Exercise material
==========

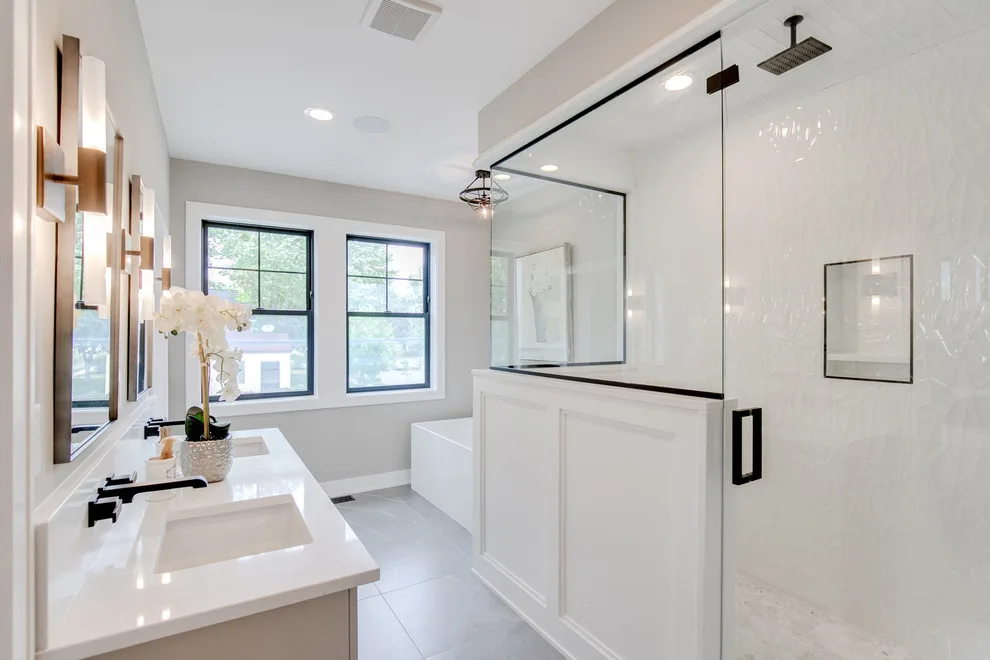 Edina, Minnesota by Summerlin Style, LLC - Photo 11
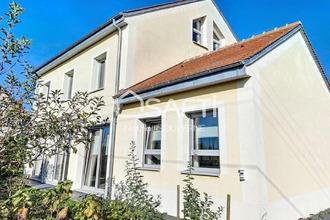 achat maison dourdan 91410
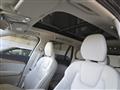 VOLVO XC90 B5 (d) AWD automatico 7 posti Momentum Pro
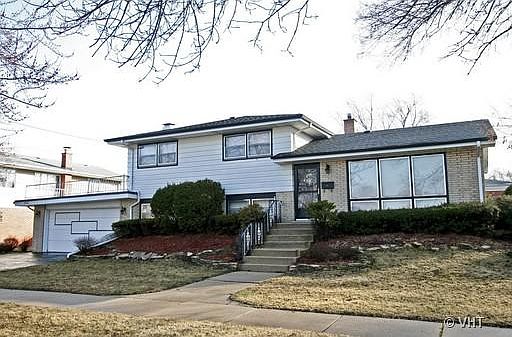 1st image of 5152 Wolfe Dr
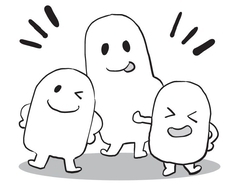 東京ディズニーランド ディズニーシーが運営再開 年7月1日 エキサイトニュース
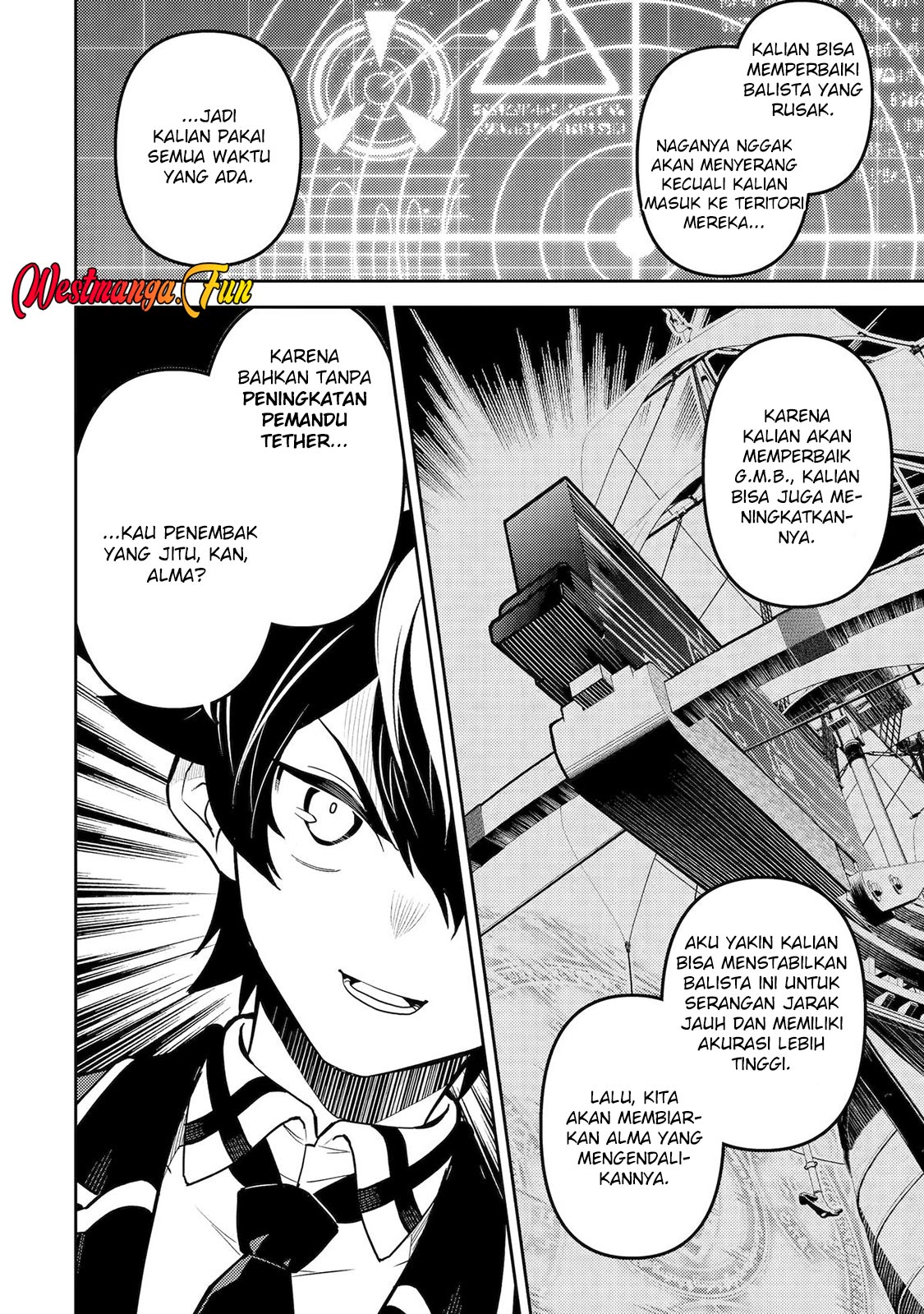 Chapter 78 - halaman 42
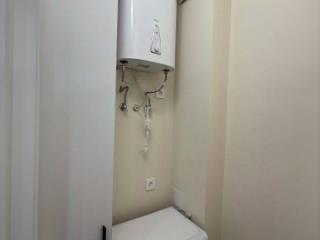 2-комн. квартира, 62 м², 11/29 этаж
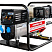 Сварочный генератор Energo EB 6.0/230-W220HMDC ДизельЭнергоРесурс
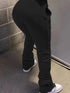 Relaxed-Fit Joggers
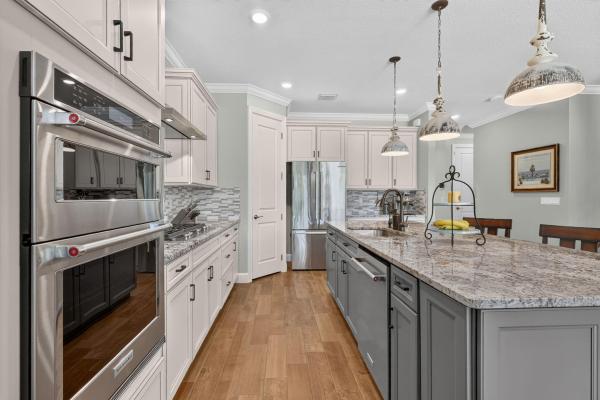 443 SE Villandry Way, Port St. Lucie, Florida 34984, image 1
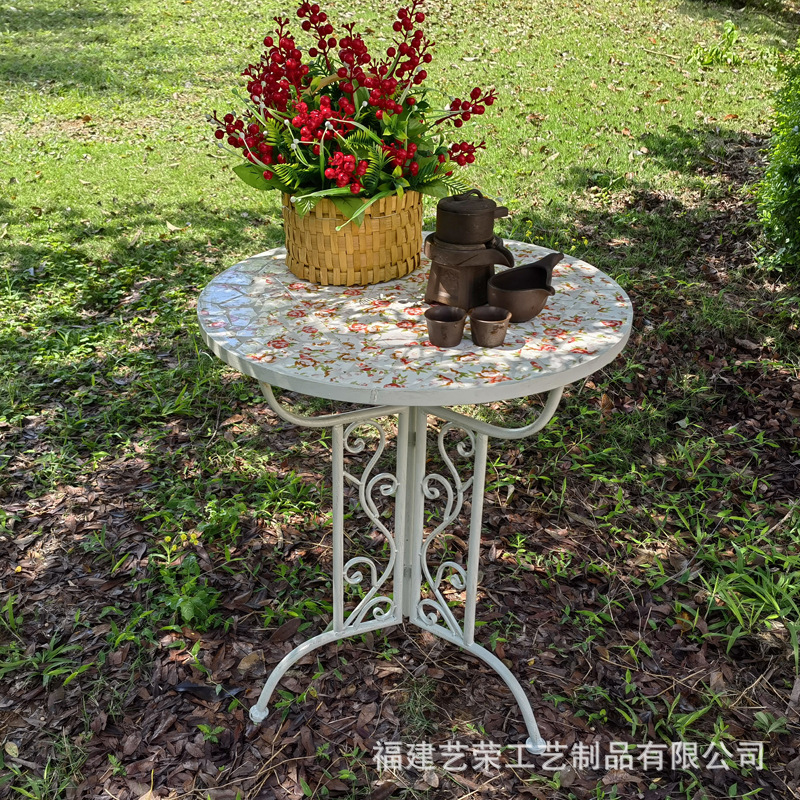 IMG_20220329_104349_副本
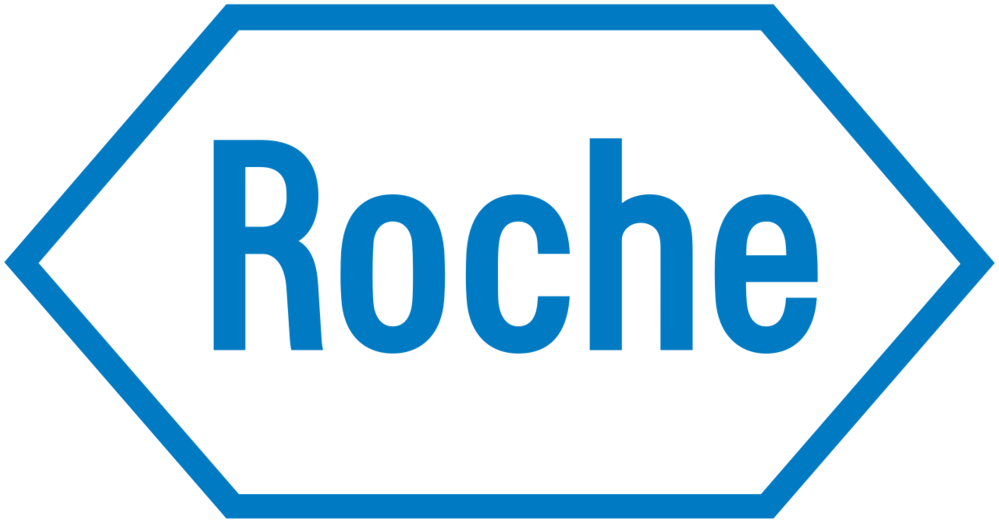 Hoffmann-La_Roche_logo.svg (1)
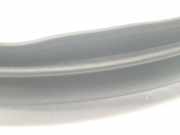 T?rgummis 6F0831051D Seat Leon (1P1) Schr?gheck 5-drs 2.0 TFSI FR 16V (BWA) 2023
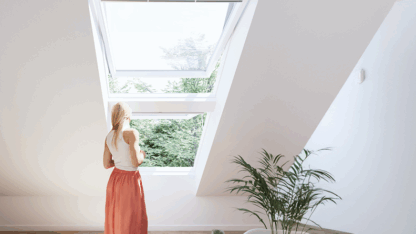 Expert-Skylight-in-Long-Island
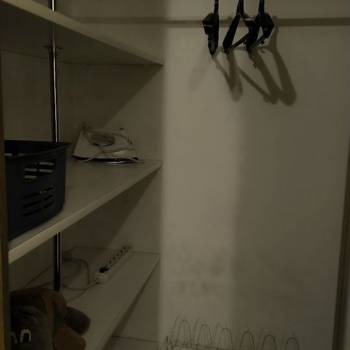 Сдается 1-комнатная квартира, 38,5 м²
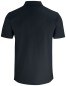 Preview: Basic Polo Pocket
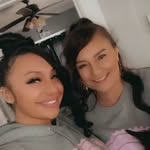 Candy Lujan - @candylujan707 - Instagram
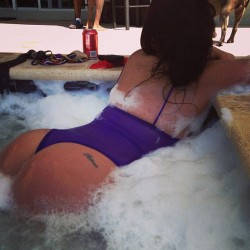 Ilovedatass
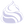 Whipped Cream.png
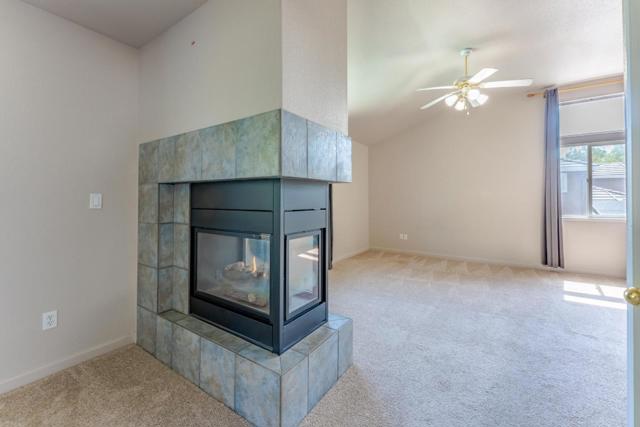 MLS #ML82023655 image #24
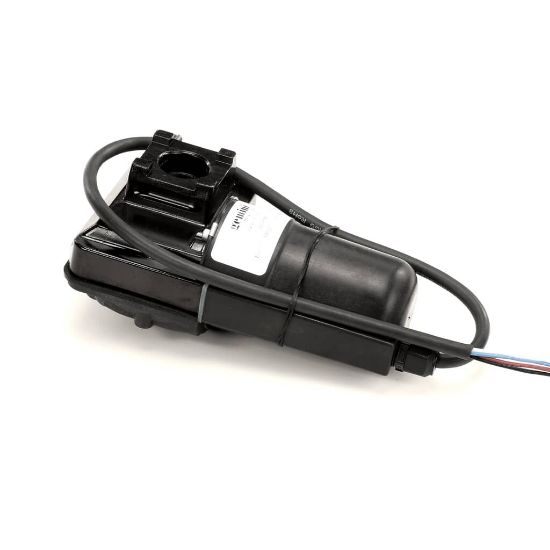 Picture of Frymaster 8075808 Actuator Gemini 24V Rh Rotary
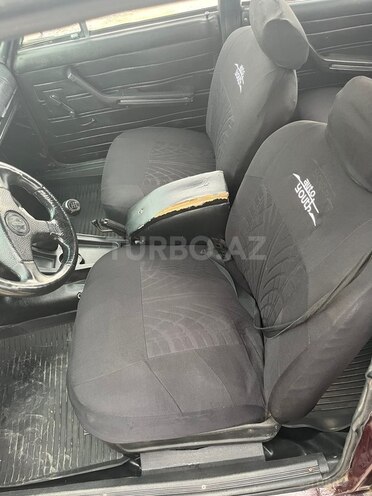 LADA (VAZ) 2106-5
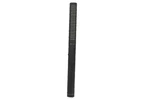 Rode NTG2 Multi-powered Lightweight Professional Shotgun Microphone. Fixed Price $106.59.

==========

Directions for this task
Each line above is to be duplicated exactly, and the pictures are to be omitted.

Exercise output
 Edina, Minnesota by Summerlin Style, LLC - Photo 11
 achat maison dourdan 91410
 VOLVO XC90 B5 (d) AWD automatico 7 posti Momentum Pro
 1st image of 5152 Wolfe Dr
 東京ディズニーランド ディズニーシーが運営再開 年7月1日 エキサイトニュース
 Chapter 78 - halaman 42
 2-комн. квартира, 62 м², 11/29 этаж
 Сварочный генератор Energo EB 6.0/230-W220HMDC ДизельЭнергоРесурс
 Relaxed-Fit Joggers
 443 SE Villandry Way, Port St. Lucie, Florida 34984, image 1
 IMG_20220329_104349_副本
 Hoffmann-La_Roche_logo.svg (1)
 T?rgummis 6F0831051D Seat Leon (1P1) Schr?gheck 5-drs 2.0 TFSI FR 16V (BWA) 2023
 Expert-Skylight-in-Long-Island
 Сдается 1-комнатная квартира, 38,5 м²
 Preview: Basic Polo Pocket
 Candy Lujan - @candylujan707 - Instagram
 Ilovedatass
 Whipped Cream.png
 MLS #ML82023655 image #24
 Picture of Frymaster 8075808 Actuator Gemini 24V Rh Rotary
 LADA (VAZ) 2106-5
 Rode NTG2 Multi-powered Lightweight Professional Shotgun Microphone. Fixed Price $106.59.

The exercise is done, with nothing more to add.